DATA Start Marker

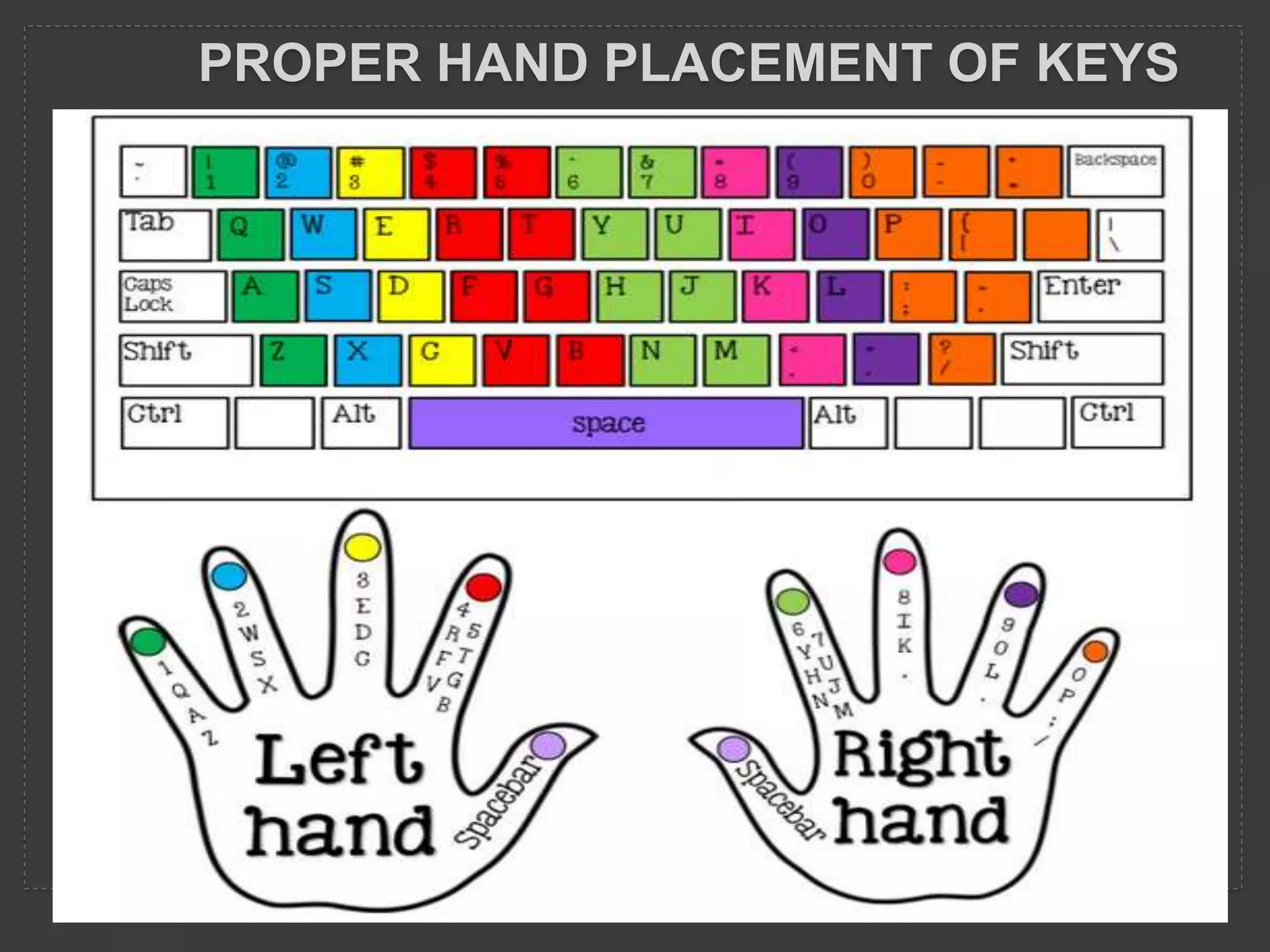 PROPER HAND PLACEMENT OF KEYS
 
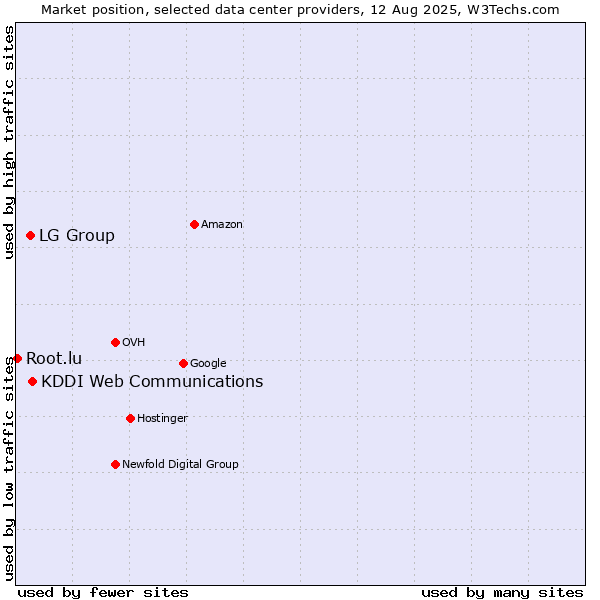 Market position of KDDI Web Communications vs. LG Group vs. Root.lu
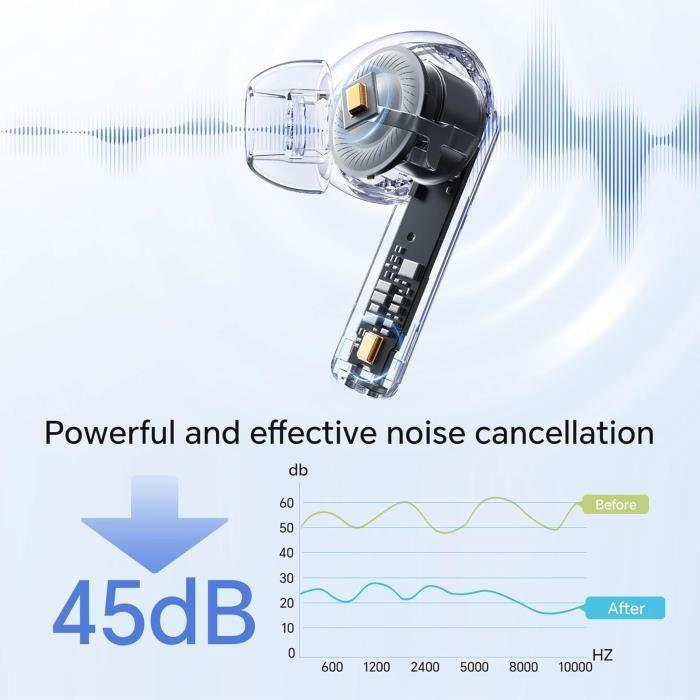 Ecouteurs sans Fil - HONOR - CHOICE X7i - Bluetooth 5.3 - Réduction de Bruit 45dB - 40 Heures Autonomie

DATA End Marker

→ **WHAT THE TASK ASKS**
Your answer must be an exact copy of the data above, minus its pictures.

→ **OUTPUT OF THE EXERCISE**
 PROPER HAND PLACEMENT OF KEYS
 
 Market position of KDDI Web Communications vs. LG Group vs. Root.lu
 Ecouteurs sans Fil - HONOR - CHOICE X7i - Bluetooth 5.3 - Réduction de Bruit 45dB - 40 Heures Autonomie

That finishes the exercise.